Tale assunto, che costituisce la ragione fondante della decisione, non è stato censurato dal C., ragione per cui la censura testé esaminata va disattesa.

Con la seconda censura il ricorrente rileva che il giudice di merito ha ritenuto di addebitare la separazione al marito sul solo dato costituito dall'accertato tradimento, dato di per sé non sufficiente a giustificare l'addebito.

La Corte di appello inoltre non ha attribuito alcuna rilevanza alla provata infedeltà della moglie ed al fatto che la stessa non aveva saputo comprendere i problemi del marito, mostrando insensibilità nei confronti dell'intervenuta l'impotentia coeundi del C.

La censura è infondata e va pertanto respinta.
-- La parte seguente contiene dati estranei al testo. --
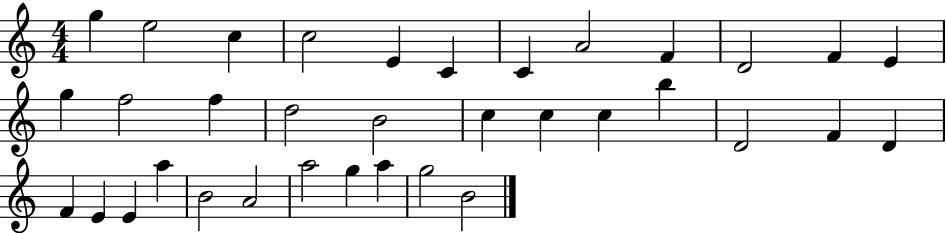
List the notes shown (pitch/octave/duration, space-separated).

G5/q E5/h C5/q C5/h E4/q C4/q C4/q A4/h F4/q D4/h F4/q E4/q G5/q F5/h F5/q D5/h B4/h C5/q C5/q C5/q B5/q D4/h F4/q D4/q F4/q E4/q E4/q A5/q B4/h A4/h A5/h G5/q A5/q G5/h B4/h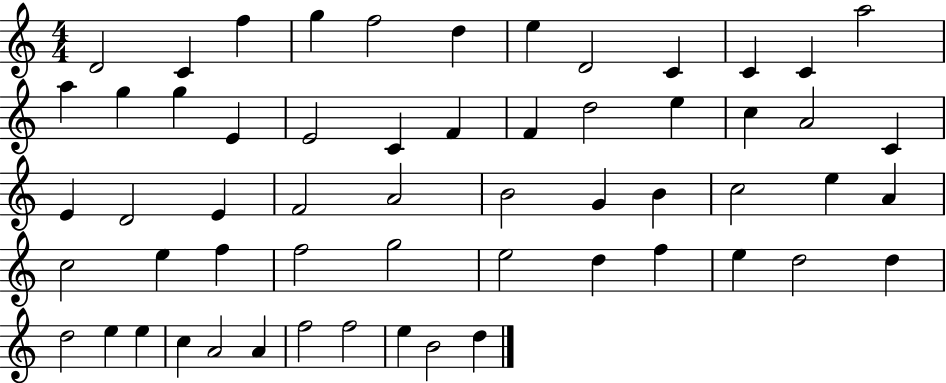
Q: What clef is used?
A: treble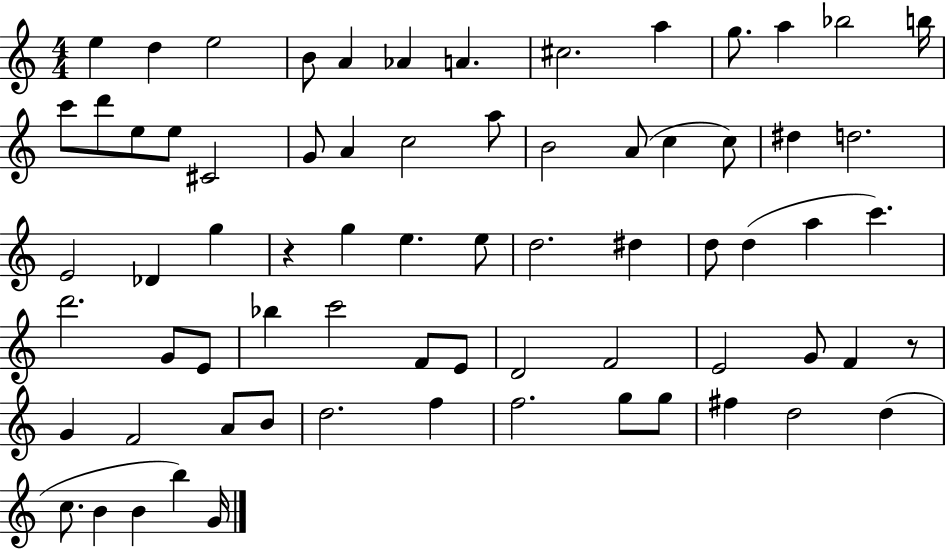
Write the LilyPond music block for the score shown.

{
  \clef treble
  \numericTimeSignature
  \time 4/4
  \key c \major
  e''4 d''4 e''2 | b'8 a'4 aes'4 a'4. | cis''2. a''4 | g''8. a''4 bes''2 b''16 | \break c'''8 d'''8 e''8 e''8 cis'2 | g'8 a'4 c''2 a''8 | b'2 a'8( c''4 c''8) | dis''4 d''2. | \break e'2 des'4 g''4 | r4 g''4 e''4. e''8 | d''2. dis''4 | d''8 d''4( a''4 c'''4.) | \break d'''2. g'8 e'8 | bes''4 c'''2 f'8 e'8 | d'2 f'2 | e'2 g'8 f'4 r8 | \break g'4 f'2 a'8 b'8 | d''2. f''4 | f''2. g''8 g''8 | fis''4 d''2 d''4( | \break c''8. b'4 b'4 b''4) g'16 | \bar "|."
}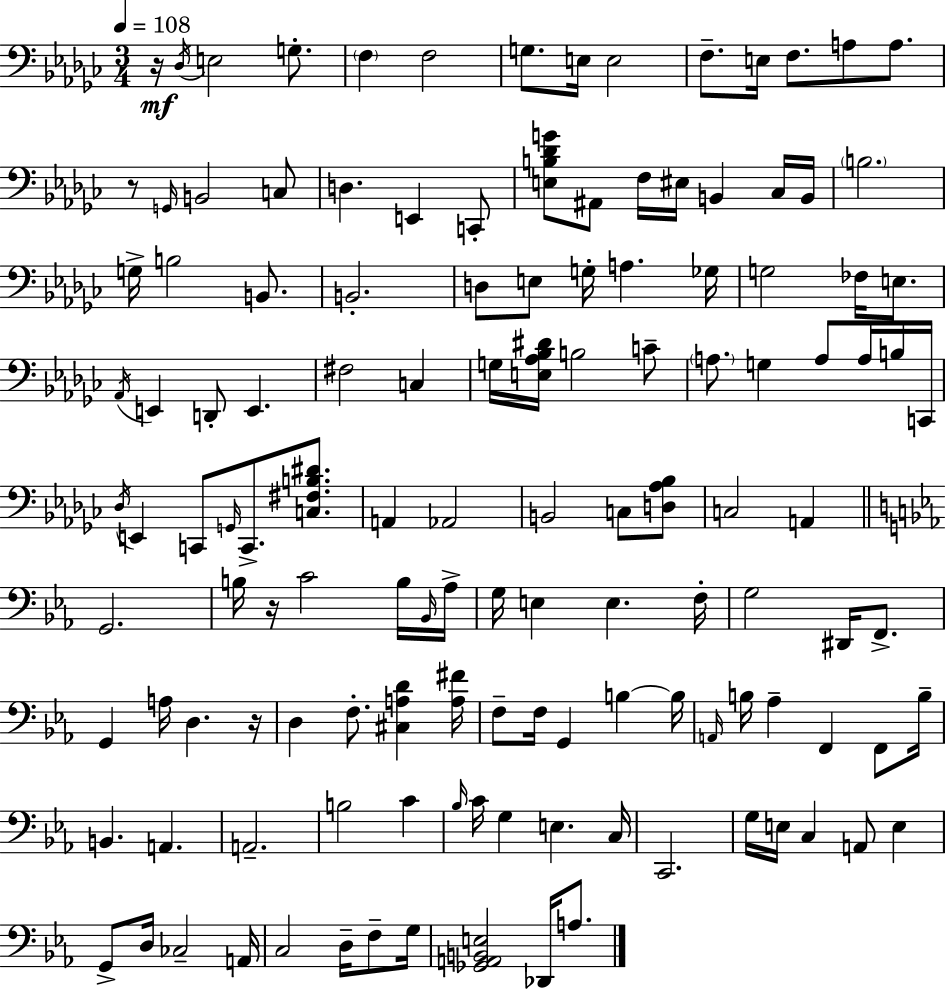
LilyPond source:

{
  \clef bass
  \numericTimeSignature
  \time 3/4
  \key ees \minor
  \tempo 4 = 108
  \repeat volta 2 { r16\mf \acciaccatura { des16 } e2 g8.-. | \parenthesize f4 f2 | g8. e16 e2 | f8.-- e16 f8. a8 a8. | \break r8 \grace { g,16 } b,2 | c8 d4. e,4 | c,8-. <e b des' g'>8 ais,8 f16 eis16 b,4 | ces16 b,16 \parenthesize b2. | \break g16-> b2 b,8. | b,2.-. | d8 e8 g16-. a4. | ges16 g2 fes16 e8. | \break \acciaccatura { aes,16 } e,4 d,8-. e,4. | fis2 c4 | g16 <e aes bes dis'>16 b2 | c'8-- \parenthesize a8. g4 a8 | \break a16 b16 c,16 \acciaccatura { des16 } e,4 c,8 \grace { g,16 } c,8.-> | <c fis b dis'>8. a,4 aes,2 | b,2 | c8 <d aes bes>8 c2 | \break a,4 \bar "||" \break \key ees \major g,2. | b16 r16 c'2 b16 \grace { bes,16 } | aes16-> g16 e4 e4. | f16-. g2 dis,16 f,8.-> | \break g,4 a16 d4. | r16 d4 f8.-. <cis a d'>4 | <a fis'>16 f8-- f16 g,4 b4~~ | b16 \grace { a,16 } b16 aes4-- f,4 f,8 | \break b16-- b,4. a,4. | a,2.-- | b2 c'4 | \grace { bes16 } c'16 g4 e4. | \break c16 c,2. | g16 e16 c4 a,8 e4 | g,8-> d16 ces2-- | a,16 c2 d16-- | \break f8-- g16 <ges, a, b, e>2 des,16 | a8. } \bar "|."
}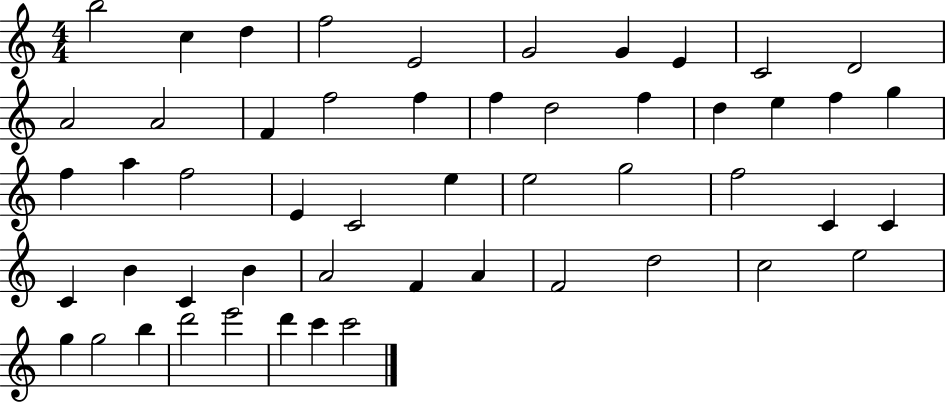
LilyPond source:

{
  \clef treble
  \numericTimeSignature
  \time 4/4
  \key c \major
  b''2 c''4 d''4 | f''2 e'2 | g'2 g'4 e'4 | c'2 d'2 | \break a'2 a'2 | f'4 f''2 f''4 | f''4 d''2 f''4 | d''4 e''4 f''4 g''4 | \break f''4 a''4 f''2 | e'4 c'2 e''4 | e''2 g''2 | f''2 c'4 c'4 | \break c'4 b'4 c'4 b'4 | a'2 f'4 a'4 | f'2 d''2 | c''2 e''2 | \break g''4 g''2 b''4 | d'''2 e'''2 | d'''4 c'''4 c'''2 | \bar "|."
}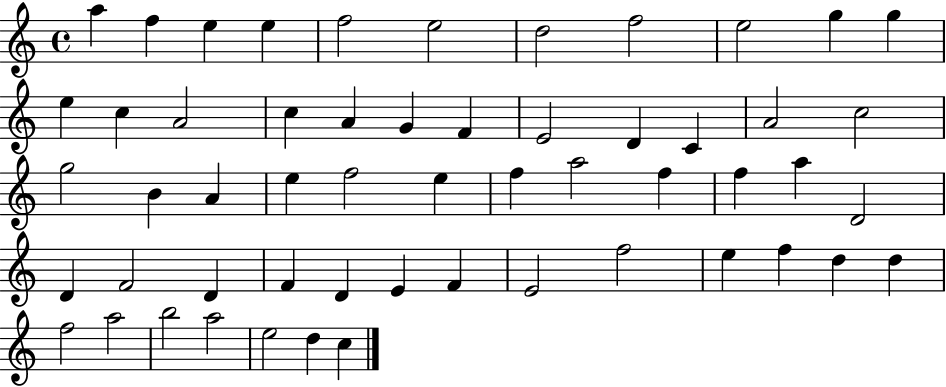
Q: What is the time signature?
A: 4/4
Infatti se può ritenersi che la sola relazione adulterina, nota e sopportata dall'altro coniuge, non sia necessariamente causa di addebito qualora, una volta cessata, sia stata superata dalle parti, analoga considerazione non può farsi nell'ipotesi di una relazione adulterina che duri cinque o sei anni che, se inizialmente sopportata, può essere causa del fallimento del matrimonio a causa del suo protrarsi, posto che nessun coniuge è tenuto a sopportare per un tempo indefinito una situazione che necessariamente incide sul rapporto di fiducia che deve sussistere all'interno della coppia.

Nella specie risulta dall'impugnata sentenza che la N., a conoscenza della relazione adulterina del marito, ha sopportato fino a quando ha potuto per poi decidersi a chiedere la separazione personale, sicché rettamente la Corte di merito ha ritenuto, in fatto, che la causa del fallimento del matrimonio contratto dalla parti andasse ricercata ed individuata proprio nella relazione adulterina del C.

Riguardo alla condotta della N. il ricorrente non ha precisato in cosa si sarebbe sostanziata la pretesa insensibilità di carattere della moglie e per quale motivo dopo avere per lungo tempo sopportato l'infedeltà del marito la N. si sarebbe dovuta mostrare sollecita nei confronti di suoi problemi fisici intervenuti – si desume dall'impugnata sentenza – quando ormai la volontà di sopportazione della controricorrente si era esaurita.

Il ricorso va pertanto totalmente respinto.

Le spese seguono la soccombenza e si liquidano come da dispositivo.

 

P.Q.M.

 

Respinge il ricorso, condanna il ricorrente al pagamento delle spese del giudizio di legittimità di cui euro 100 per esborsi, euro 2500 per onorari oltre alle spese generali ed agli accessori come per legge.